Researchers at Carnegie Mellon University, in collaboration with the Pittsburgh Supercomputing Center (PSC), have developed a fine-tuning method called Self-Contrastive Fine-Tuning (SCoFT) to enhance AI image generation. This initiative aims to address the issues of cultural misrepresentation and offensiveness in AI-generated images, especially for cultures often overlooked in internet data.
The Problem with AI Image Generators
AI image generators, like Stable Diffusion, often produce results that can be misleading, inappropriate, or culturally insensitive. This issue is particularly acute for underrepresented cultures, as the data these models are trained on predominantly comes from Western sources. For example, when tasked with generating an image of a street in Nigeria, the output may evoke negative stereotypes rather than a realistic depiction.
The SCoFT Approach
To combat this, the CMU team created the Cross-Cultural Understanding Benchmark (CCUB) dataset, which comprises curated text-to-image pairs from five different cultures. This dataset, despite its limited size, serves as a foundation for retraining the AI models to improve their accuracy and sensitivity towards cultural representation.
SCoFT operates by incorporating a combination of conventional fine-tuning techniques and a unique Self-Contrastive Perceptual Loss mechanism. This method allows the AI to evaluate and adjust its generated images in relation to both culturally relevant and non-fine-tuned examples, thus refining its outputs.
The Role of PSC's Bridges-2 Supercomputer
Utilizing PSC's Bridges-2 system was crucial for the project. The supercomputer's powerful GPUs facilitated parallel processing and efficient data handling, enabling the team to conduct multiple experiments and refine their models effectively. This capability was essential for training on a large scale and for the complex fine-tuning required by the SCoFT methodology.

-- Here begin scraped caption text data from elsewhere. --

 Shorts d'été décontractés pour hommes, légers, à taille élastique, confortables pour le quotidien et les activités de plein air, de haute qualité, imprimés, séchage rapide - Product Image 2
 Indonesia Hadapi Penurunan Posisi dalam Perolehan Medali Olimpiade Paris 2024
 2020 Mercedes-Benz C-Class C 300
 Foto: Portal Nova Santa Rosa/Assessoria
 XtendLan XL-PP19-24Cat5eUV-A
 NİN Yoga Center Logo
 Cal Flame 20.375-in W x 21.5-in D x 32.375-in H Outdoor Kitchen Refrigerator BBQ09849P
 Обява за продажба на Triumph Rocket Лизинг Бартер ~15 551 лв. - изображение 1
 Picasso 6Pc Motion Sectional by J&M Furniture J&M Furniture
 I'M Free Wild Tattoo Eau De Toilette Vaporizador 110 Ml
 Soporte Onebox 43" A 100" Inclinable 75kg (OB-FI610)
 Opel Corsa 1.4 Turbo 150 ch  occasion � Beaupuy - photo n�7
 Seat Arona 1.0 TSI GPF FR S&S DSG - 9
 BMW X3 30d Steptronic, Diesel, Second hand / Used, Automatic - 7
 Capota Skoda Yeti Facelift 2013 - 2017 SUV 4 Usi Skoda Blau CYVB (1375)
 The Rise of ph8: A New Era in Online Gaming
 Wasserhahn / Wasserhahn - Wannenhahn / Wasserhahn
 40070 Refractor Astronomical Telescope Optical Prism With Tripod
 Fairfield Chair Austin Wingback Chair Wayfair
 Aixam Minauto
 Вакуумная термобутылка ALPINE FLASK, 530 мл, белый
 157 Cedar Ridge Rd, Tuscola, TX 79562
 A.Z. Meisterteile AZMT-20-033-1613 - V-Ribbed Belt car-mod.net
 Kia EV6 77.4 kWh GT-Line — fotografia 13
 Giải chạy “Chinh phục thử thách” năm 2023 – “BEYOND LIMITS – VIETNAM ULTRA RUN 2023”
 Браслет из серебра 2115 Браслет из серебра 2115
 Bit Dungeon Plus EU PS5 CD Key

Results and Future Directions
Initial findings indicate that SCoFT significantly enhances the perception of image quality among representatives from the cultures involved, improving how well the generated images matched text prompts, represented cultural contexts, and reduced offensiveness.
The team plans to present their findings at the 2024 IEEE/CVF Computer Vision and Pattern Recognition Conference in June. Future applications of SCoFT may extend beyond national cultures to include various communities, such as those represented by individuals with disabilities, enhancing the overall inclusivity of AI-generated content.